THE PROBLEM: Begin at the line containing "A large outdoor" in the entries below and end at the line containing "female sea style"; transcribe that range exactly and nothing outside it.

GIVEN INFORMATION:

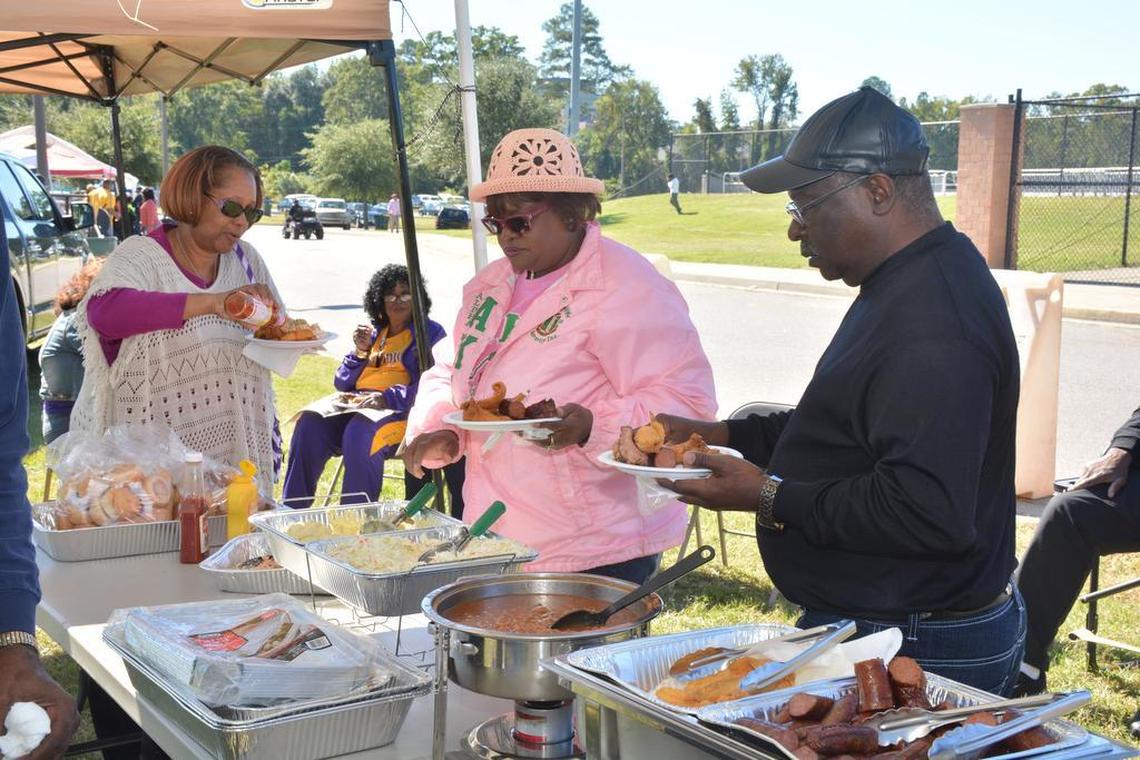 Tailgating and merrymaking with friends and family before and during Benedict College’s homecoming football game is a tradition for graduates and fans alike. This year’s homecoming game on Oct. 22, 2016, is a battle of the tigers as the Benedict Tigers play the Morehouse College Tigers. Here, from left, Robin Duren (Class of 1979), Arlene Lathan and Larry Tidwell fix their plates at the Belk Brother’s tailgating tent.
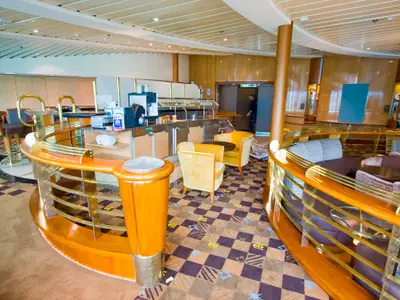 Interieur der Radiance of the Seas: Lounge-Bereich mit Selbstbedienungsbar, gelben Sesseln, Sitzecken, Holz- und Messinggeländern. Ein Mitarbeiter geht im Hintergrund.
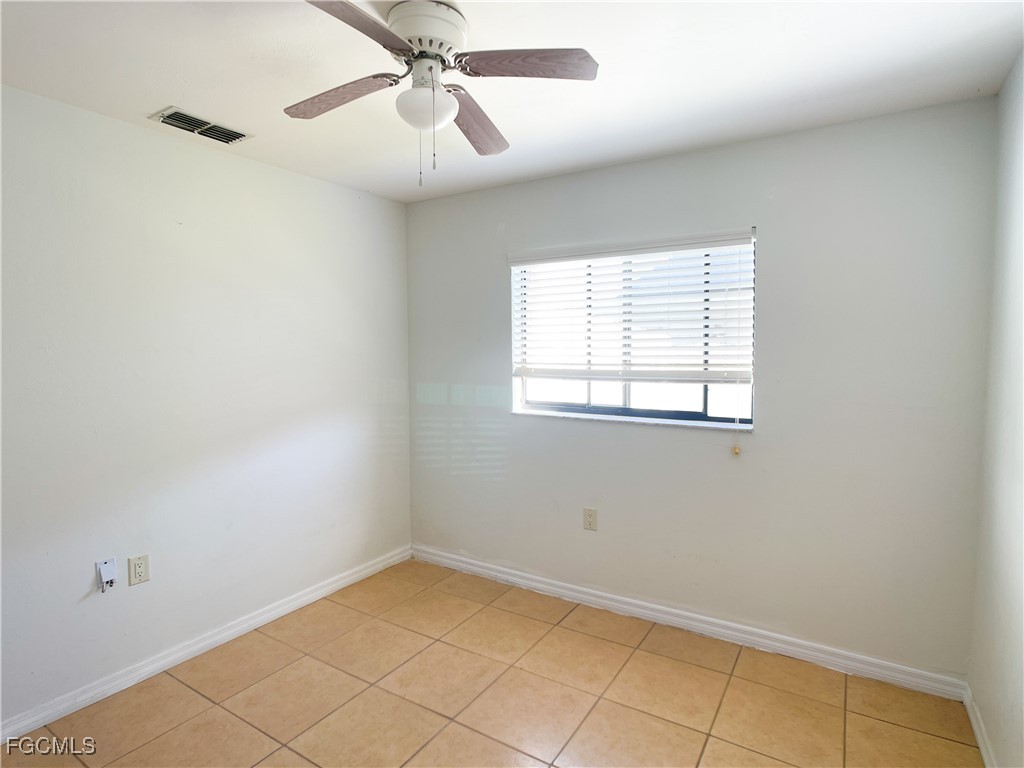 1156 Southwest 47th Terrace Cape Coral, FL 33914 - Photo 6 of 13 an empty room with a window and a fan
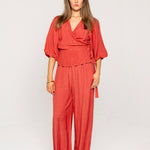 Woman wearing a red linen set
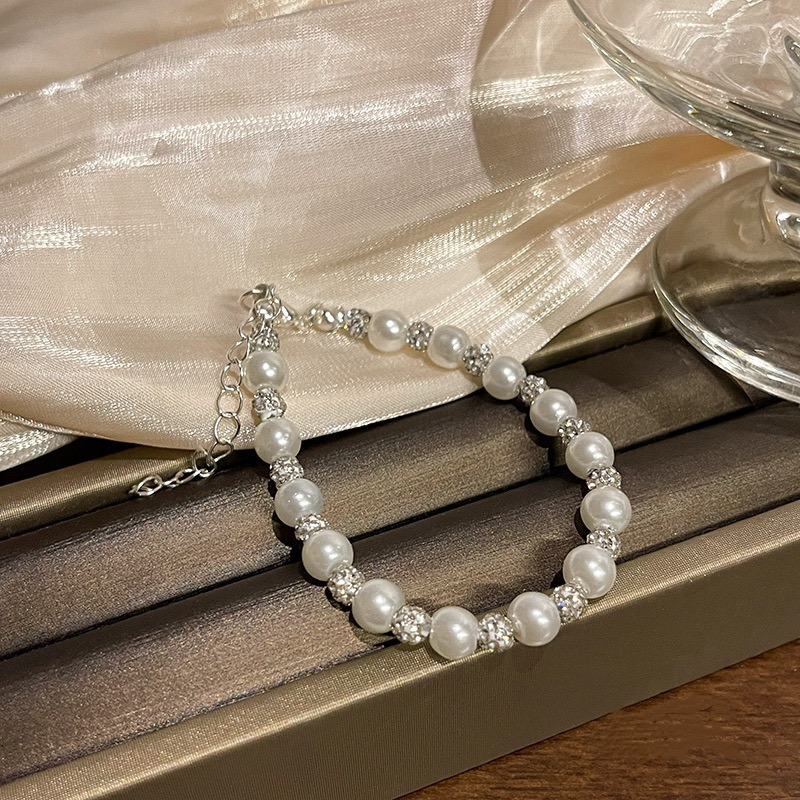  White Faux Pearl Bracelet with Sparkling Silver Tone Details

--

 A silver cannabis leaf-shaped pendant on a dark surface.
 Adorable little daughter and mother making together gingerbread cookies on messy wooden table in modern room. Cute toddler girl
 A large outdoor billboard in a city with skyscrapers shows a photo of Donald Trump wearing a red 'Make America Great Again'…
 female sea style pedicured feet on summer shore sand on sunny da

---

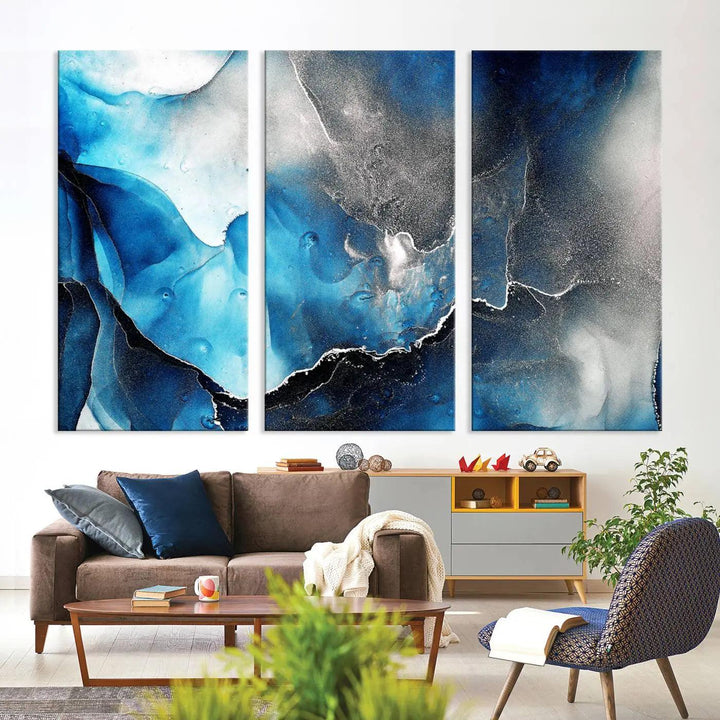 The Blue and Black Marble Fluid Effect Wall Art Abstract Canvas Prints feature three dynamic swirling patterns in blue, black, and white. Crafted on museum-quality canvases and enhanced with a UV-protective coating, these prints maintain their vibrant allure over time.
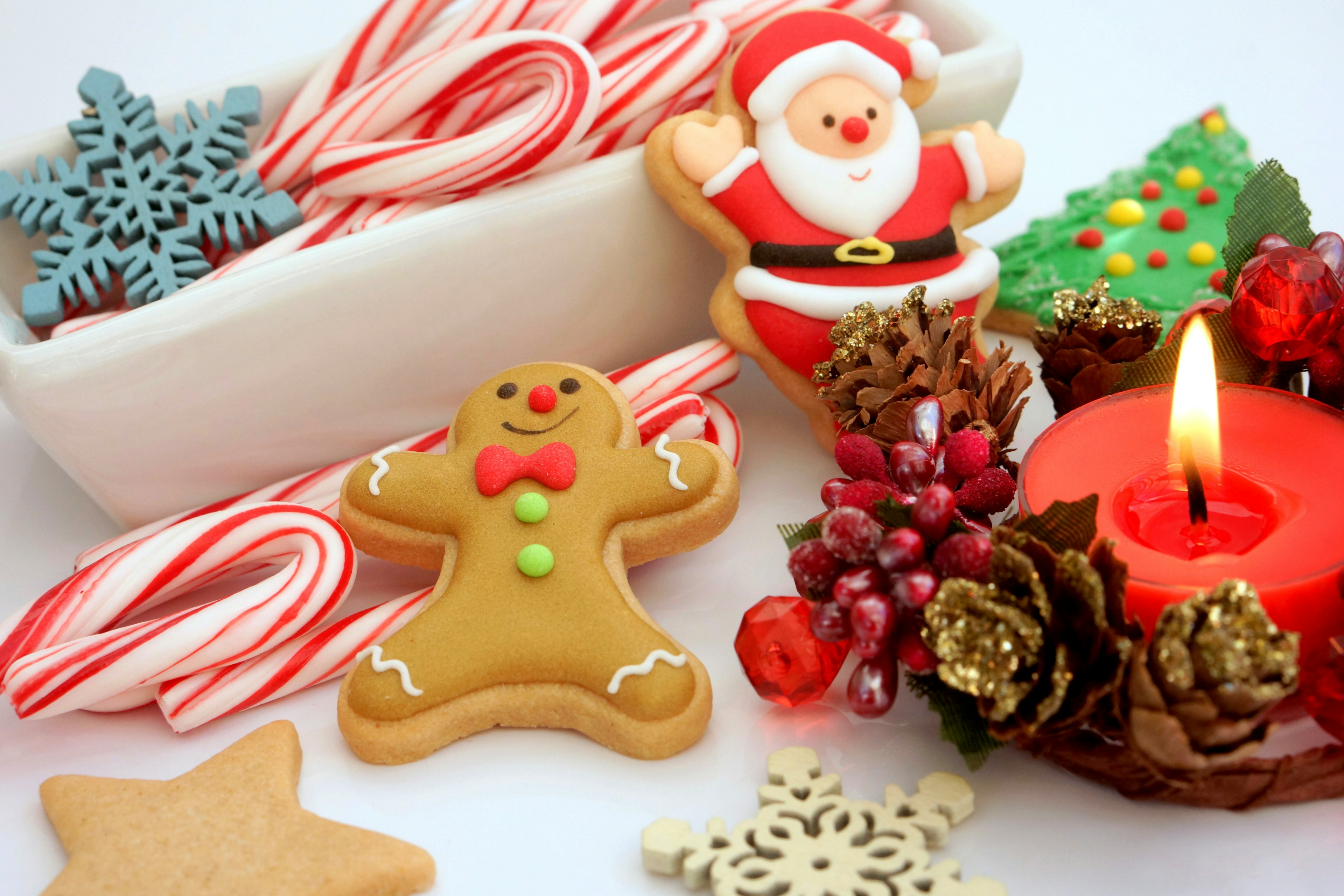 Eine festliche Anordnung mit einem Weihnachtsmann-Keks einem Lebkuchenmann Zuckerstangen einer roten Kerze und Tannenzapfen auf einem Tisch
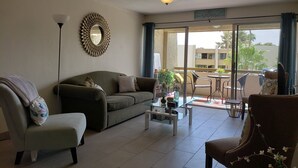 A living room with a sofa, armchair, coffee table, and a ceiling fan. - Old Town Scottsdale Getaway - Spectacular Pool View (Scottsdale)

EXERCISE ANSWER:
 A large outdoor billboard in a city with skyscrapers shows a photo of Donald Trump wearing a red 'Make America Great Again'…
 female sea style pedicured feet on summer shore sand on sunny da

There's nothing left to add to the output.